Avidan excels in the marriage of deep, poetic lyrics with distinctive vocals and instrumentals. “I don’t write lyrics and then put music to them,” he says. “If I do that, it will never become music, it will just stay as words, which is fine. But when I started writing songs, they [words and music] always came together, and that structure is a bit different. There are people like Bob Dylan or Leonard Cohen who are poets and still put music into their work. I would love to be able to even put myself in the same category as them. I’m far from it,” he says.
Through the Gale began as “a dialogue between a captain and his crew, and the captain is telling the sailors that they are going to sail into something they’ve never seen before, and they tell him, ‘We don’t care. We’re sailors. This is what we do. We don’t know how to do anything else,’” Avidan explains.

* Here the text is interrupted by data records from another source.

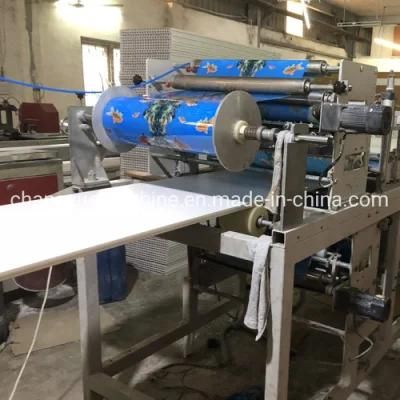 Local Factory WPC Hollow Door Panel Extruder Line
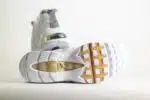 Nike Air Max 95 OG Big Bubble White Team Gold – wit/goud – Heren/Dames/Uniseks Sneakers – leer/Mesh – IB1667-101 – Onderkant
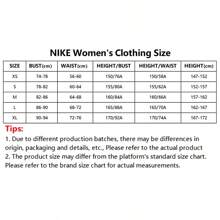 Nike Pantalón largo tejido para mujer AS W NK SWIFT DF MR PANT HV6089-010 - Negro - Ver 7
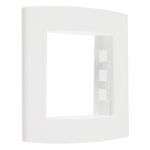 PEE ALFA SOBREPOR PLACA 4X2 C/ 2 POSTO RETANG.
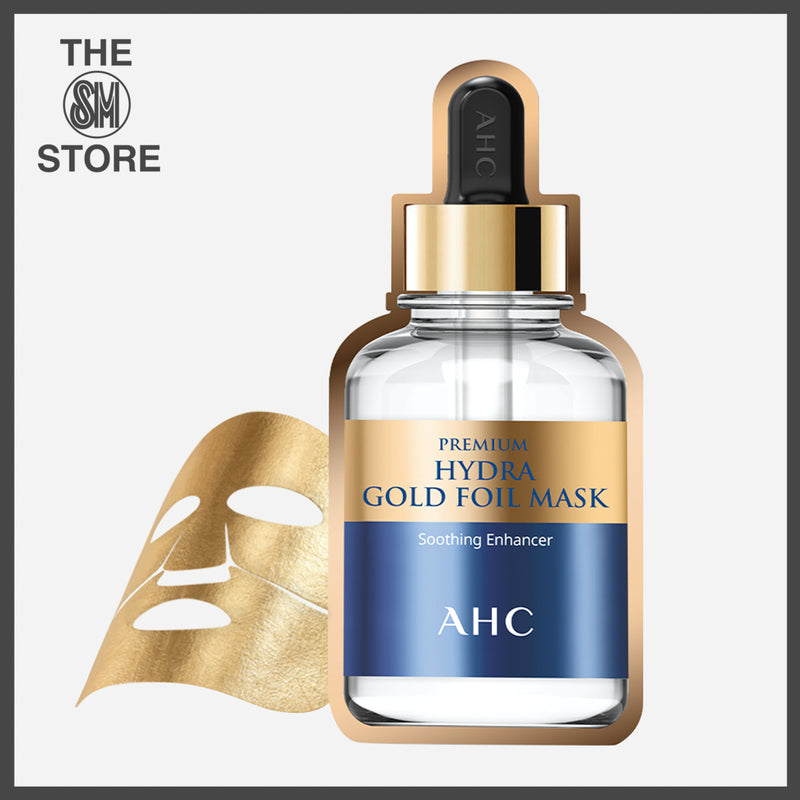 AHC Premium Hydra Gold Foil Mask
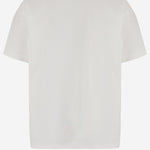 T-SHIRT IN COTONE CON STAMPA LOGO MPF26JTS001 07 CASABLANCA 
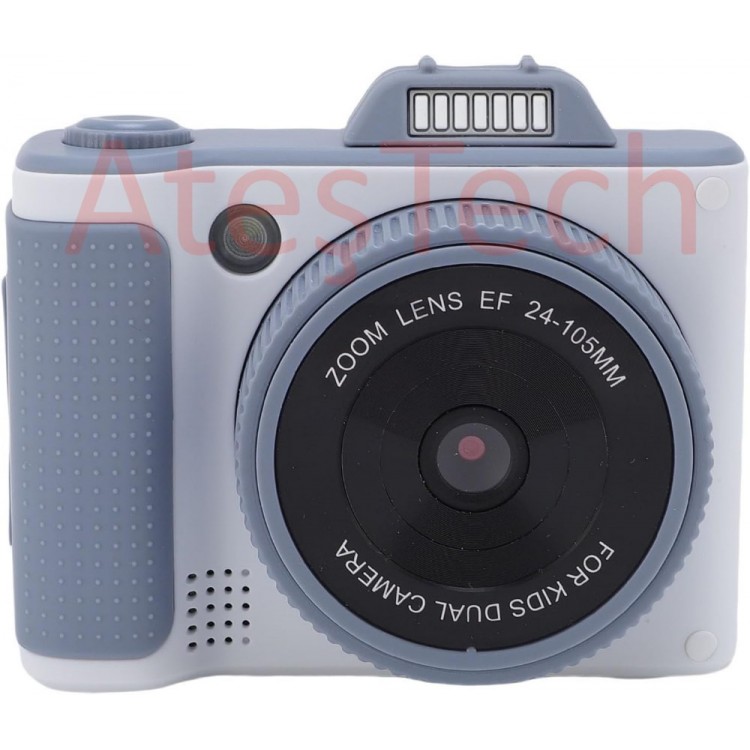 Çocuklar İçin  Dijital Fotoğraf Makinesi – 48MP | 1080P HD | Flip Ekranlı | 8x Zoom | Selfie Kamera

Although the album’s story is told through the eyes of sailors, it is meant to be universal. “It’s a story about the voyage that everybody goes through, from life to death, their acceptance of it, and trying to understand what the true meaning is,” he says. “I think it has always been a theme in my music, and here I did something more literal: the actual voyage, leaving of the safe home and always pushing boundaries, really searching for what it is they want out of life.”
The album’s closing song, “Turn of the Tides under the Northern Lights,” hints at the death of the captain and crew. But it was one of the first songs written.
The words “just came – first the kind of obvious ones such as ‘Love is all I need to take, my heart is strong but my body will break.’ Then it became kind of a stripping down of everything that is mortal into becoming this immortal thing. The essence of what makes us mortal is our flesh, our bones, ‘My eyes and ears will feed the sea.’ But it’s not just about the body. It’s about everything that we do here in this time,” he says.
Although the picture seems bleak, Avidan explains that the essence of the captain’s journey into the abyss is a search for “this thing that we want to call love,” the very thing that seems to drive him in his passionate artistic pursuits.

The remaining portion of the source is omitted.